- ASSIGNMENT: In the listing below, locate the line containing "And this dialogue" and copy it and every line after it through the end, exactly as written, leaving out any pictures.

- SOURCE DATA:
——

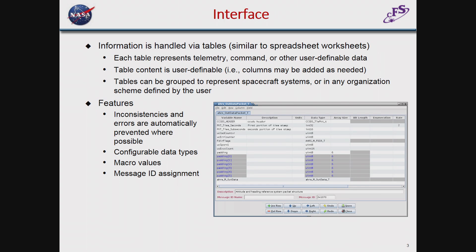I obviously don't have enough time to show you the application itself, so I've included just a little bit of basic information on the interface. The data is handled via tables that are very much like working with a spreadsheet. The content of these tables is completely user-definable. The program, when you initially start it, comes with definitions for commands and for structures for inputting the telemetry data, but the user can build on those. They can create their own types of tables for storing other types of information. The application stores this in the database.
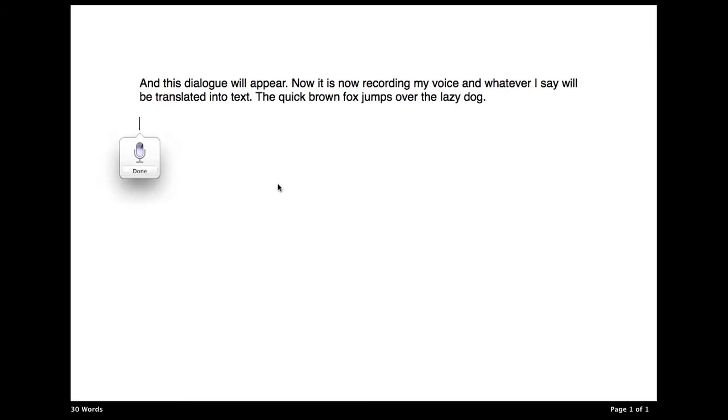And this dialogue will appear. Now, it is recording my voice, and whatever I say will be translated into text. The quick brown fox jumps over the lazy dog.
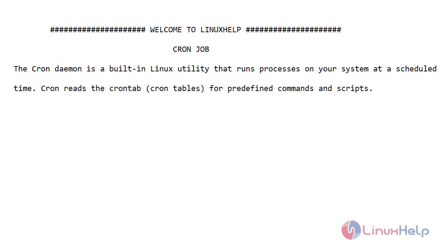Welcome to Linux Help. Today I will show you how to schedule a cron job to run a script on Ubuntu version 20.4.1. The cron daemon is a built-in Linux utility that runs processes on your system at a scheduled time. Cron reads the crontab for predefined commands and scripts.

——

- WRITTEN SOLUTION:
And this dialogue will appear. Now, it is recording my voice, and whatever I say will be translated into text. The quick brown fox jumps over the lazy dog.
Welcome to Linux Help. Today I will show you how to schedule a cron job to run a script on Ubuntu version 20.4.1. The cron daemon is a built-in Linux utility that runs processes on your system at a scheduled time. Cron reads the crontab for predefined commands and scripts.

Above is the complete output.